The opinion of the court was delivered by: George B. Daniels, District Judge
Pro se petitioner filed a writ of habeas corpus pursuant to 28 U.S.C. § 2254 challenging his July 10, 2002, conviction, by guilty plea in the New York State Supreme Court, Bronx County, to two counts of Murder in the Second Degree. He was sentenced to consecutive sentences totaling thirty years to life imprisonment. Petitioner raised two grounds for relief: (1) ineffective assistance of counsel because his attorney failed to investigate his mental health problems; and (2) that his sentence was excessive. The Court referred this matter to Magistrate Judge Gabriel W. Gorenstein for a Report and Recommendation. Magistrate Judge Gorenstein issued a Report and Recommendation ("Report") in which he found petitioner's claims to be without merit.
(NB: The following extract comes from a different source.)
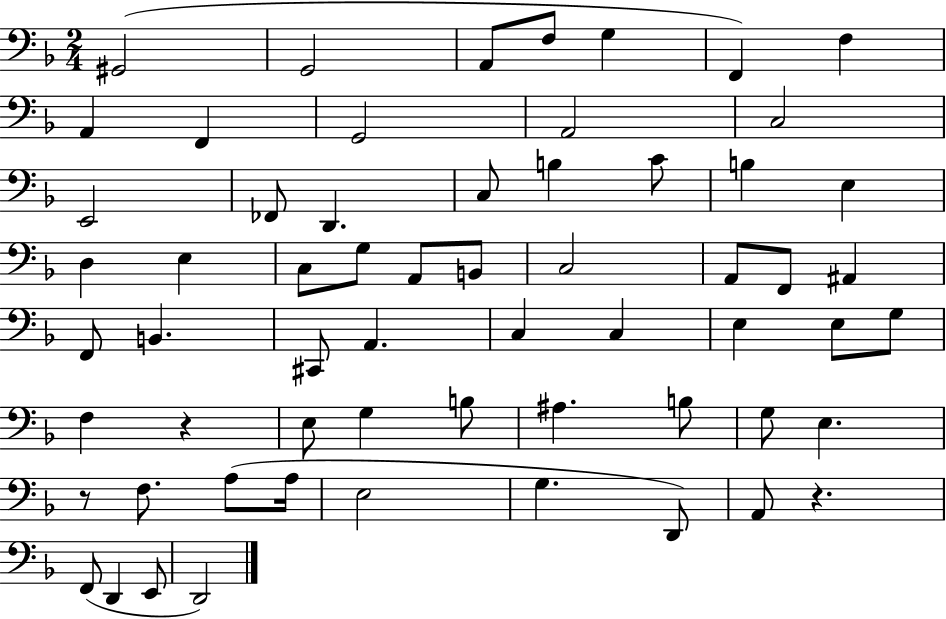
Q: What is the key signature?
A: F major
He recommended that the petition be denied in its entirety.
The Court may accept, reject or modify, in whole or in part, the findings and recommendations set forth within the Report. Where there are no objections, the Court may accept the Report provided there is no clear error on the face of the record. See Nelson v. Smoth, 618 F.Supp. 1186, 1189 (S.D.N.Y. 1985); see also Heisler v. Kralik, 981 F.Supp. 830, 840 (S.D.N.Y. 1997), aff'd, 167 F.3d 618 (2d Cir. 1998). In his report, Magistrate Judge Gorenstein advised the parties that failure to file timely objections to the Report would constitute a waiver of those objections. Neither party filed objections to the Report and the time to do so has expired.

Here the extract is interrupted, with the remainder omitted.